DATA SECTION:
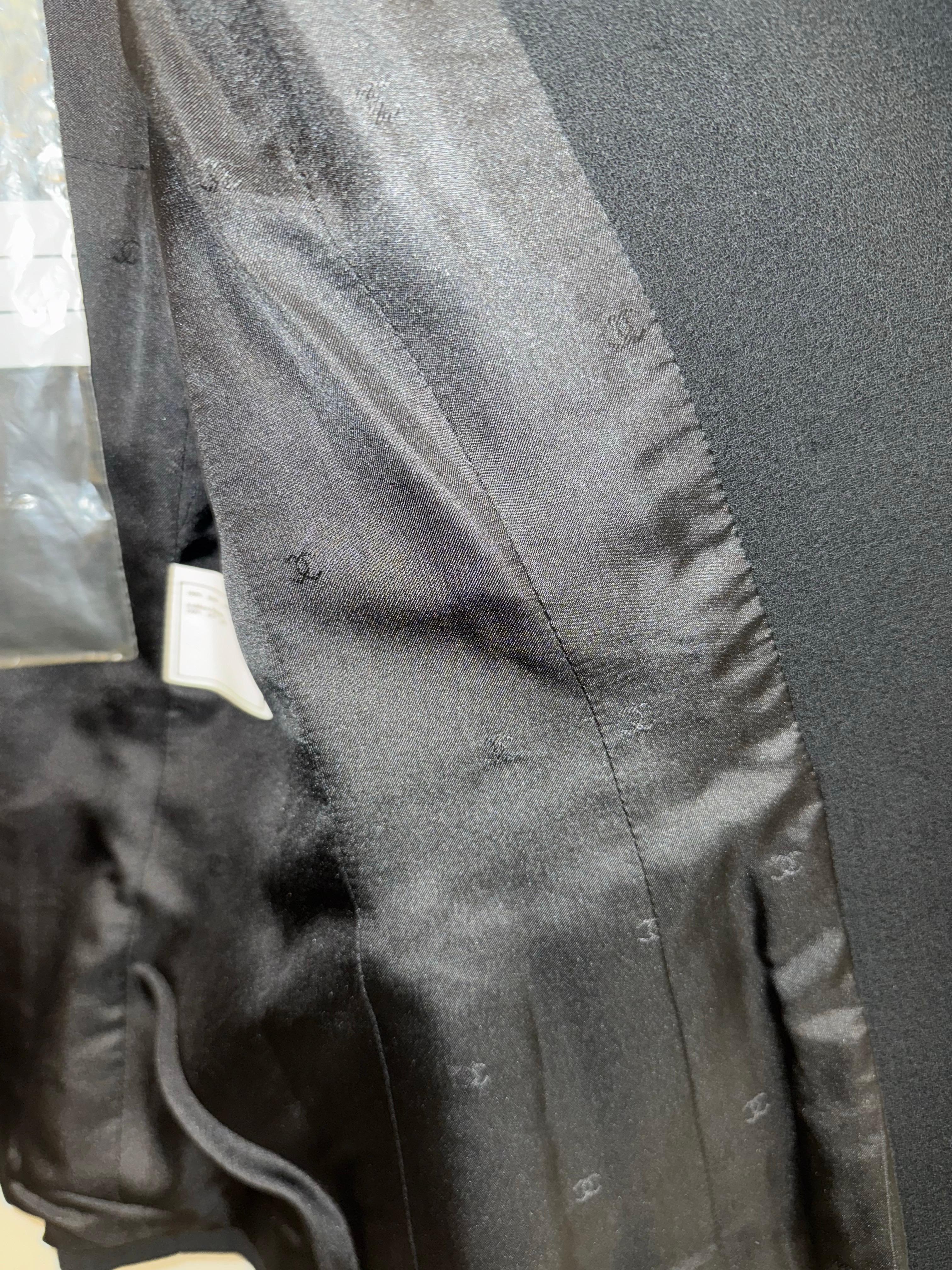 Unworn Chanel satin mandarin collar black wool jacket For Sale 1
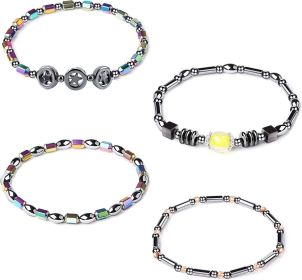 4Pcs Anti Swelling Anklet Slimming Hematite Anklet Bracelet Energy Healing Anklets Relief Pain Stress Relief Protection Beaded Anklet Weight Loss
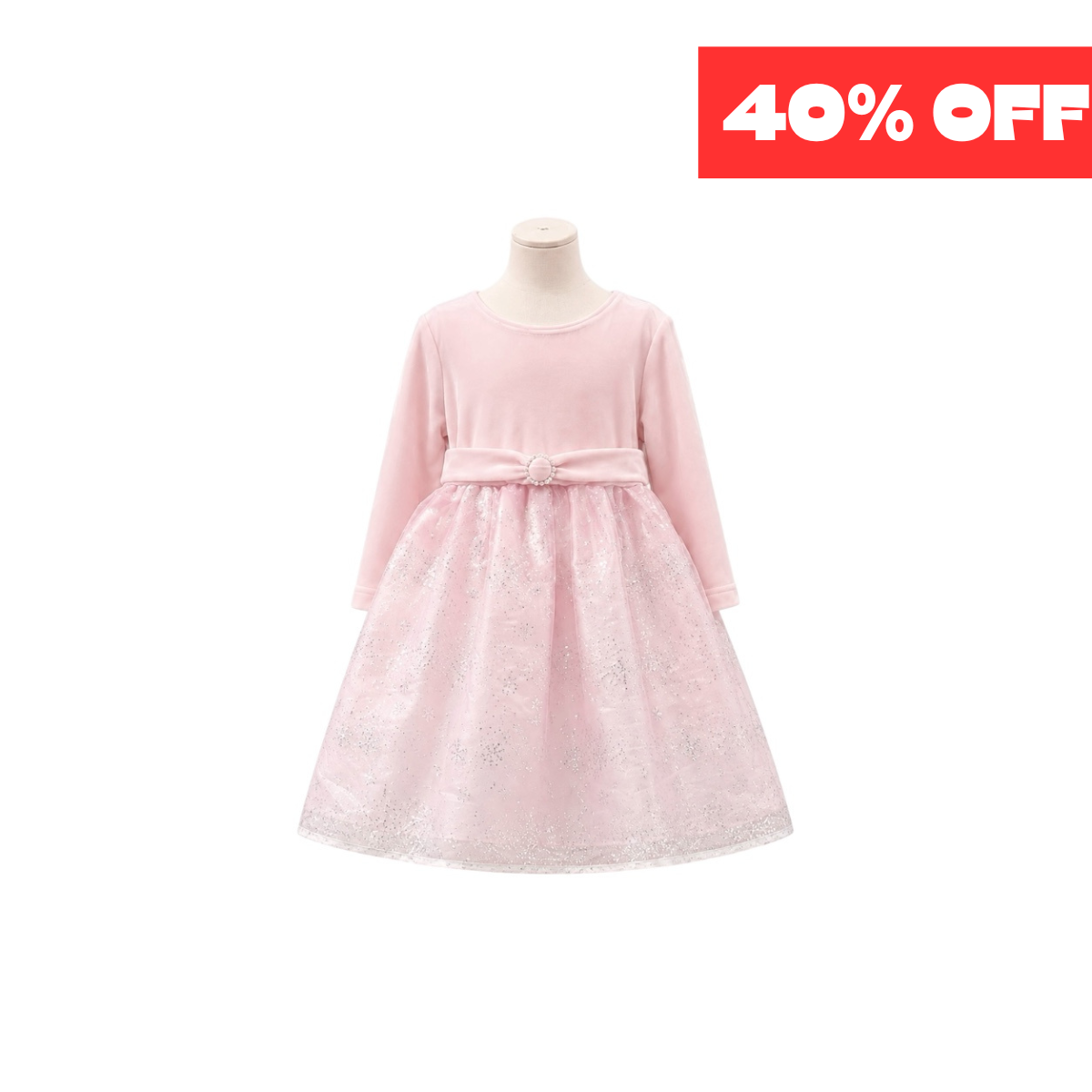 Baby Girl Long Sleeve Blush Pink Sparkle Dress with Velvet Bodice & Rhinestone Brooch (24 Months)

WHAT IS NEEDED: Without the pictures, transcribe the listing exactly as it stands.

SOLUTION TO THE EXERCISE:
 Unworn Chanel satin mandarin collar black wool jacket For Sale 1
 4Pcs Anti Swelling Anklet Slimming Hematite Anklet Bracelet Energy Healing Anklets Relief Pain Stress Relief Protection Beaded Anklet Weight Loss
 Baby Girl Long Sleeve Blush Pink Sparkle Dress with Velvet Bodice & Rhinestone Brooch (24 Months)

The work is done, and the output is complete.